Lendol Calder’s suggestions2 for how to redesign the survey course have me thinking a lot about the mass communication history course I teach at the University of Wisconsin-River Falls. His “uncoverage” approach seems straightforward enough, but before I commit to it wholeheartedly I need to convince myself that it will mesh well with other curricular objectives in our journalism program. I sense that it could, but, as they say, change is difficult. Thus, another question is how to best to overcome my own reluctance to change a history survey: Should I go slow, introducing incremental changes through the next several iterations of the course, or commit 100 percent? Incremental changes would allow experimentation and tweaking, but for a course that is taught every other year, it seems a revolutionary rather than evolutionary change would be more effective.

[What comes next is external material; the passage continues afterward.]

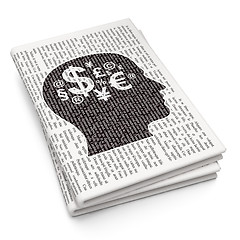 Image showing Studying concept: Head With Finance Symbol on Newspaper background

Calder’s approach also relies in part on students working in small groups. University students loathe working in groups. It doesn’t matter whether working in a group messes with their sense of individualism or their fractured schedules or their fear that they will be dragged down by the weakest link, the mention of collaborative work often elicits resistance. A final question then is what collaborative projects work best in a revamped history survey — or are they even necessary? I believe they are, because so much of work in the “real world” is collaborative. However, making these projects work well, especially in a digital environment, is the trick.

Postscript

Having just read Mills Kelly’s thoughts on The History Curriculum in 2023, I have to agree that if history curricula (and, for that matter, many of the humanities and social science disciplines) do not keep up with the times in terms of the digital economy, then they face the prospect of being left behind and possibly forgotten. Teaching historical facts may have had some utility a century ago, but today much more critical is teaching historical thinking. As Kelly suggests, the digital tools and platforms with which students are very familiar hold the potential of enlivening the teaching of history and making the discipline much more relevant to the current and future generations of undergraduates. Using these tools and platforms to allow students to creatively engage with history may not turn them into professional historians, but it could help them become more critical consumers of information.

(Updated June 8, 2017)


1. See, for example, Michael Henry, “A Fifty-Year Perspective on History Teaching’s ‘Crisis,'” OAH Magazine of History 7:3 (Spring 1993), 5-8; Sam Wineburg, “Historical Thinking and Other Unnatural Acts,” The Phi Delta Kappan 80:7 (March 1999), 488-499; Stéphane Lévesque, Thinking Historically (Toronto: University of Toronto Press, 2008).

2. Lendol Calder, “Uncoverage: Toward a Signature Pedagogy for the History Survey,” Journal of American History 92:4 (March 2006), 1358-1370.